### Task requirements
All entries below must be retyped exactly, though pictures are to be skipped.

### Data

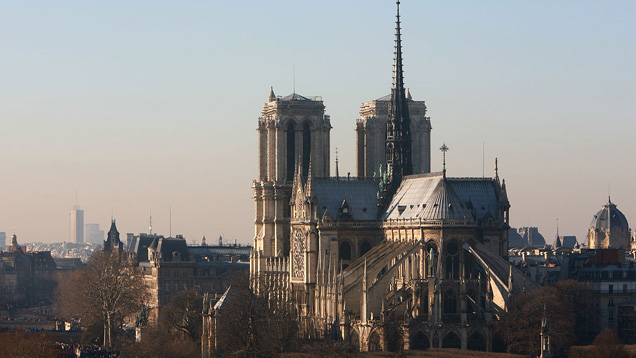 Jährlich drängen 14 Millionen Touristen in die Kathedrale Notre Dame in Paris. Dadurch rückt das Gotteshaus möglicherweise ins Fadenkreuz von Attentätern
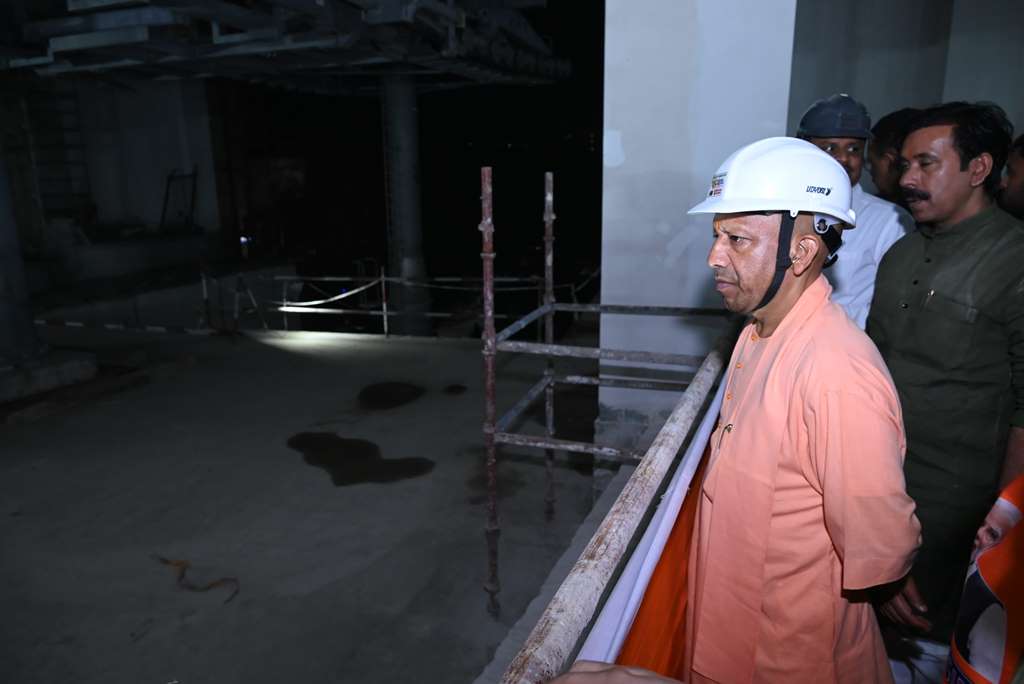 वाराणसी में काशी रोप-वे परियोजना का निरीक्षण, मुख्यमंत्री ने दिए शीघ्र पूर्ण करने के निर्देश
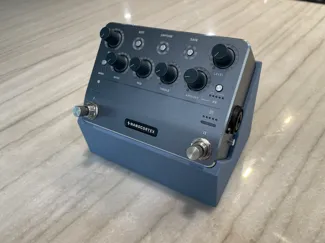 Neural dsp Nano Cortex stand guitar pedal riser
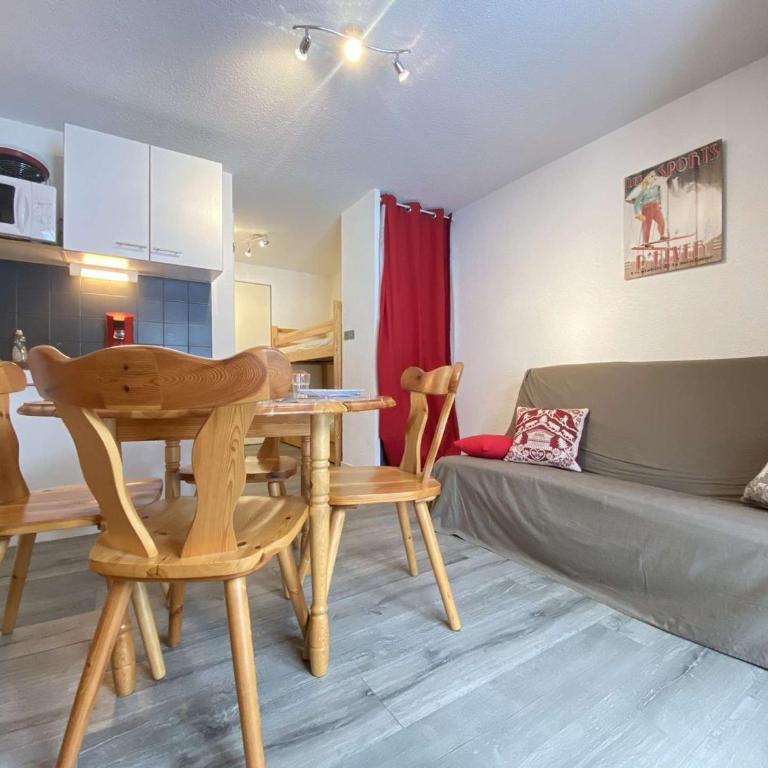 Studio Cabine au Calme avec Terrasse à Praz-sur-Arly - 4 Personnes, Parking et Casier à Ski - Appartement 1 Chambre - 2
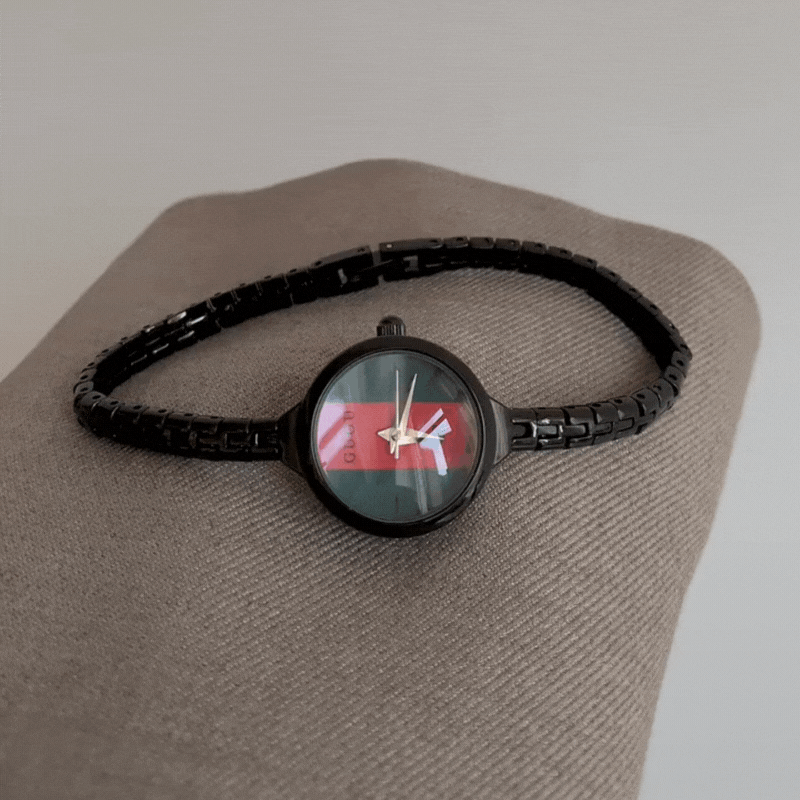 Men’s Vintage-Inspired Quartz Watch – Black Strap, Red-Green Stripe Dial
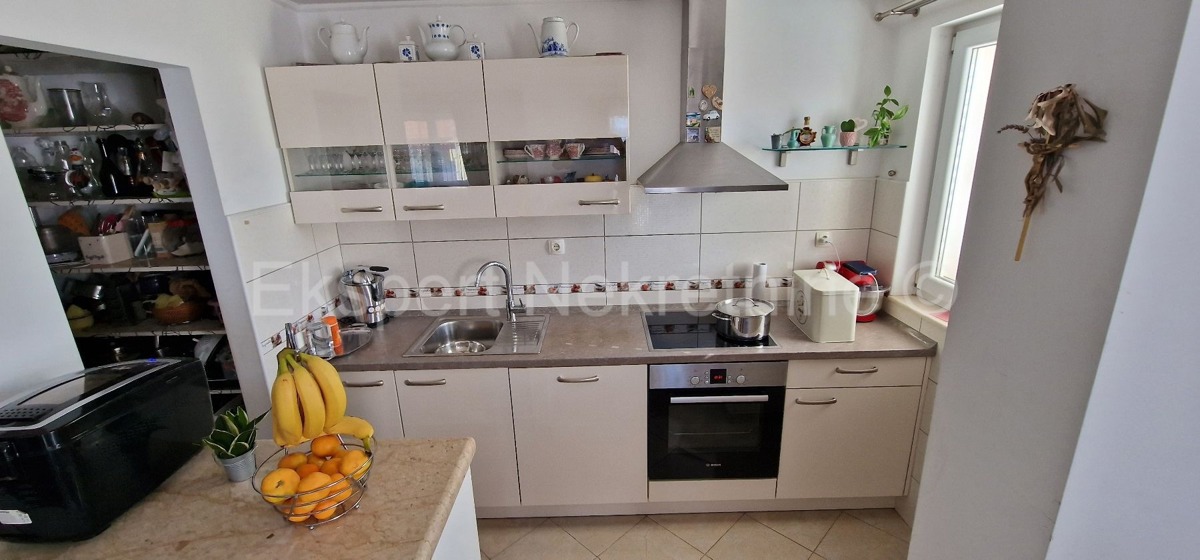 Čiovo, quartiere G. poviše plaže, casa indipendente 260m2, con 2 appartamenti,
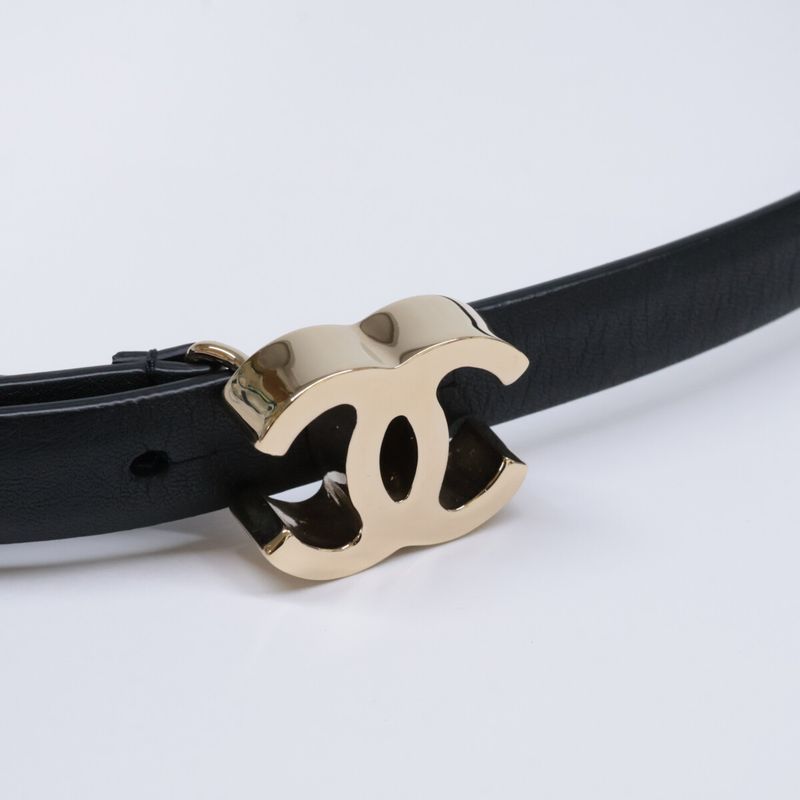 Same As Chanel B22K Here Mark Narrow Leather 75 30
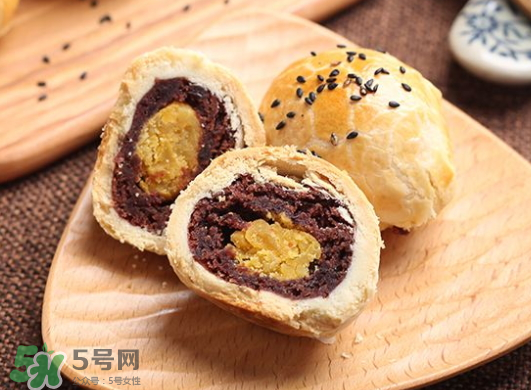 ?蛋黃酥可以不用豬油嗎？蛋黃酥用什么油好？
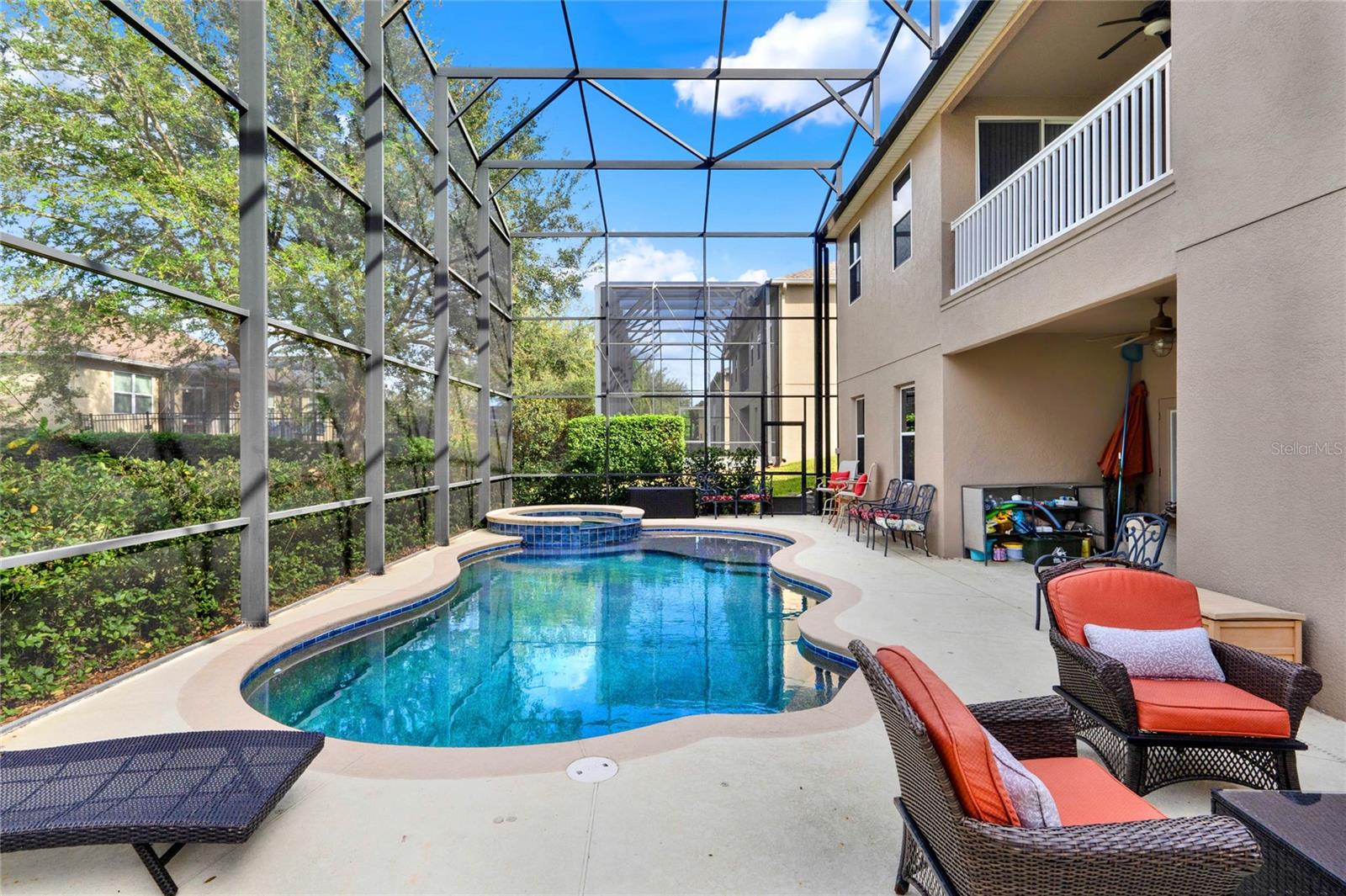 1000 GLENRAVEN LANE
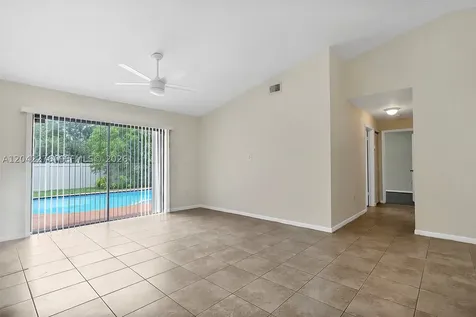 681 Thornridge Avenue Davie FL 33325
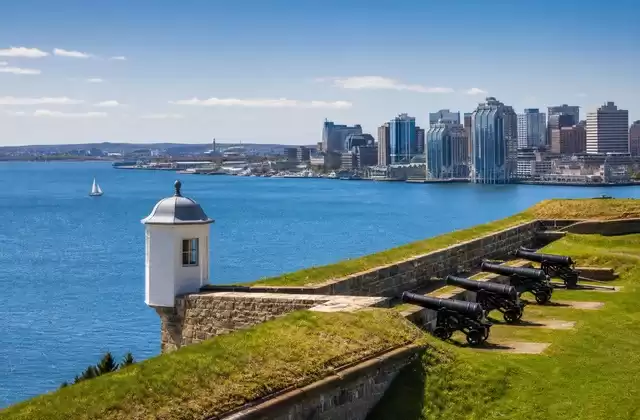 À Halifax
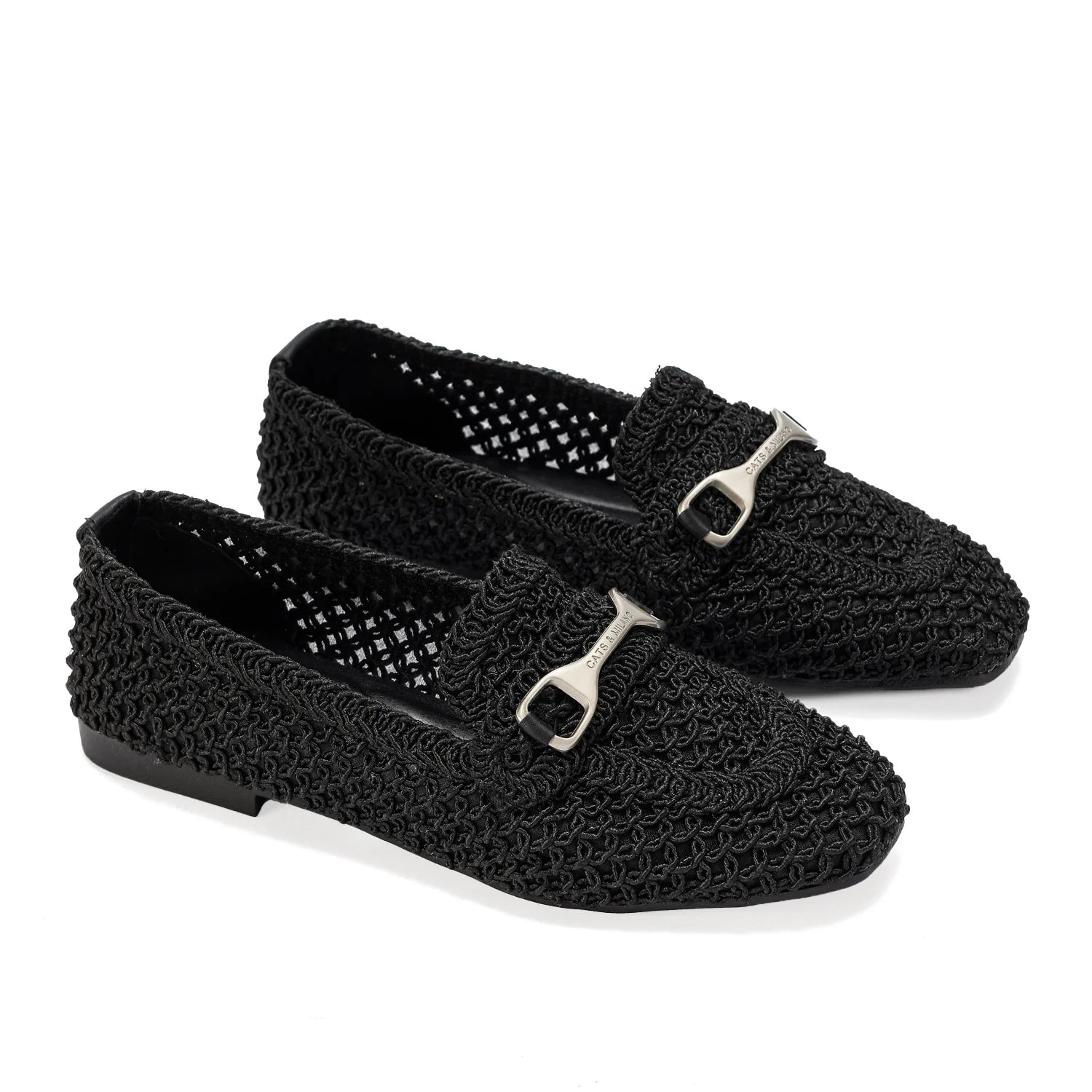 CA243 Black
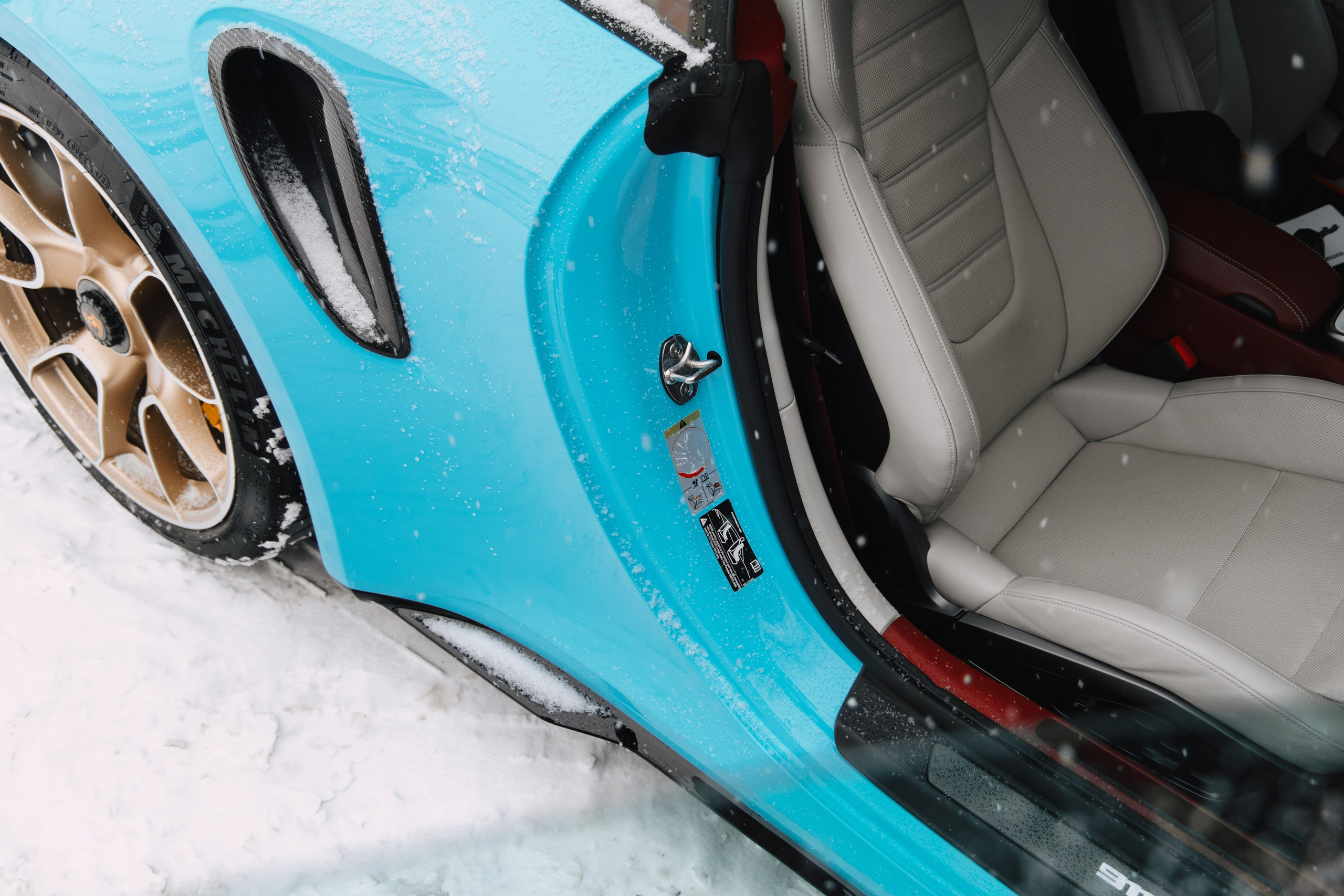 Porsche 911 оклейка в голубой полиуритан с проемами. DeLorein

### Solution for this exercise
 Jährlich drängen 14 Millionen Touristen in die Kathedrale Notre Dame in Paris. Dadurch rückt das Gotteshaus möglicherweise ins Fadenkreuz von Attentätern
 वाराणसी में काशी रोप-वे परियोजना का निरीक्षण, मुख्यमंत्री ने दिए शीघ्र पूर्ण करने के निर्देश
 Neural dsp Nano Cortex stand guitar pedal riser
 Studio Cabine au Calme avec Terrasse à Praz-sur-Arly - 4 Personnes, Parking et Casier à Ski - Appartement 1 Chambre - 2
 Men’s Vintage-Inspired Quartz Watch – Black Strap, Red-Green Stripe Dial
 Čiovo, quartiere G. poviše plaže, casa indipendente 260m2, con 2 appartamenti,
 Same As Chanel B22K Here Mark Narrow Leather 75 30
 ?蛋黃酥可以不用豬油嗎？蛋黃酥用什么油好？
 1000 GLENRAVEN LANE
 681 Thornridge Avenue Davie FL 33325
 À Halifax
 CA243 Black
 Porsche 911 оклейка в голубой полиуритан с проемами. DeLorein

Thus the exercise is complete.